[Supplied material]
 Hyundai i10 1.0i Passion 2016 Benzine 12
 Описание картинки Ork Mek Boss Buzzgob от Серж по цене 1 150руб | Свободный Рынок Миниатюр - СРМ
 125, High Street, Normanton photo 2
[/Supplied material]
[Supplied material]
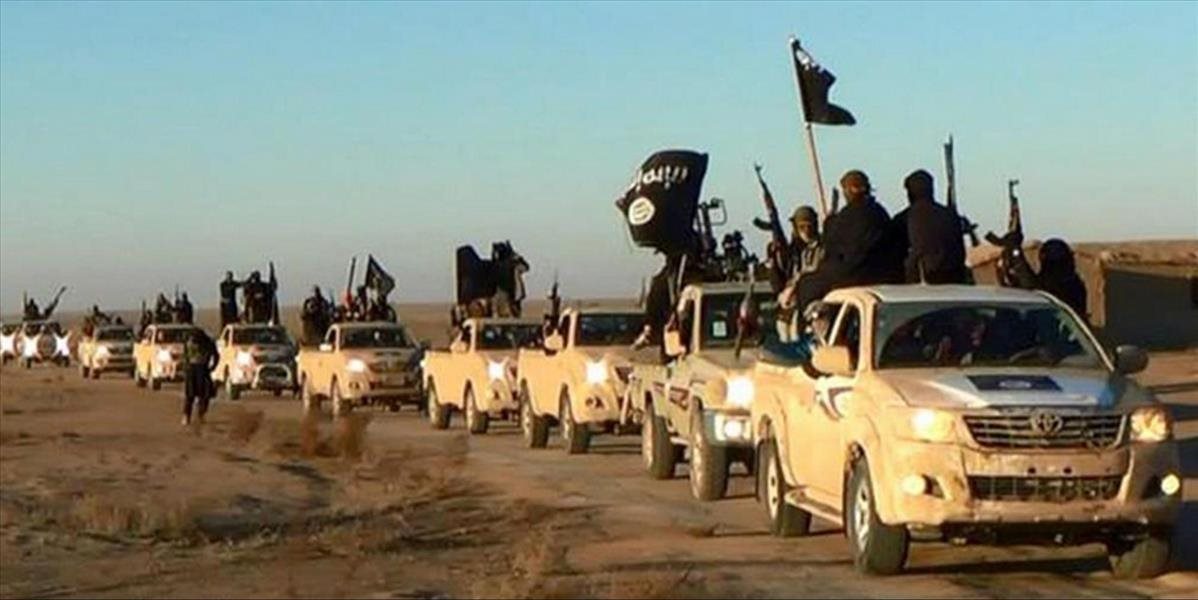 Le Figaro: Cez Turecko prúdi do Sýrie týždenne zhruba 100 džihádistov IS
[/Supplied material]
[Supplied material]
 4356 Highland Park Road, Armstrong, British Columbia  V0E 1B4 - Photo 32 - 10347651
[/Supplied material]
** Work to be completed **
In the entries above, the lines between the one holding "Hyundai i10 1.0i Passion 2016 Benzine 12" and the one holding "125, High Street, Normanton photo 2", inclusive, are to be printed exactly as written, and those alone.

** Exercise answer **
 Hyundai i10 1.0i Passion 2016 Benzine 12
 Описание картинки Ork Mek Boss Buzzgob от Серж по цене 1 150руб | Свободный Рынок Миниатюр - СРМ
 125, High Street, Normanton photo 2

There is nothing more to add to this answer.